Monday, September 2, 2013

Nudge Shoppers Toward Profitable Habits

A recent New York Times feature describes a bundle of research-based tactics supermarkets have used in programs to influence shoppers to buy a greater quantity of fruits and vegetables instead of less healthy processed food alternatives:
  • Installing a mirror inside the cart so that the shopper will see his or her face. This increases personal accountability. 
  • Instead of the mirror, installing a reflective card informing the person about how other shoppers were buying bananas, limes, and avocados. Social norms often guide people’s behavioral choices. 
  • Dividing the cart into a front and back section with a strip of yellow tape and then instructing shoppers to place the produce in the front section and the other items in the back section. This increases food choice awareness. 

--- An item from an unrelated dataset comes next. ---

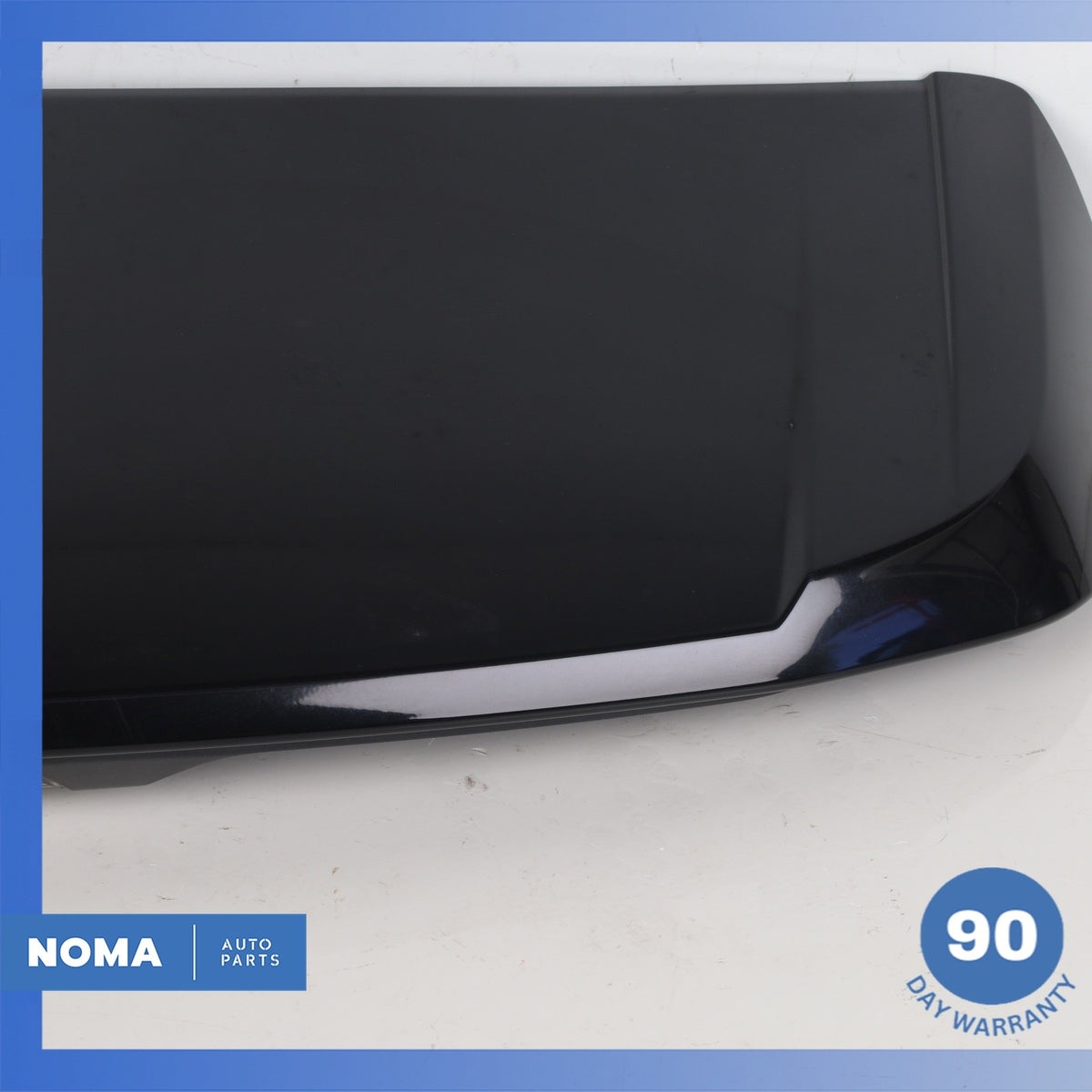12-15 LR Range Rover Evoque L538 4DR Rear Trunk Spoiler Wing w/ Brake Light OEM - photo 3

  • Laying down large floor mats with green arrows pointed toward the produce aisles. Shoppers unfamiliar with the store might go by those aisles because they think they’re being directed to do so. Shoppers familiar with the store might follow the arrows out of curiosity. In both cases, the more footsteps passing by the fruits and vegetables, the greater the odds for body-friendly goods to end up going home. 
     If one of these tactics is good, would two or more be great? No. In El Paso, Texas grocery store trials, implementing either the reflective cards or the arrow floor mats raised produce sales, but using both of them at the same time caused produce sales to drop.
     How about going bigger with one of the tactics? New Mexico State University researchers experimented with a full-length mirror right inside the entrance to the grocery store. No reported effect on produce sales. It seems better to have a small mirror facing the shopper in the face for the duration of the travel up and down store aisles.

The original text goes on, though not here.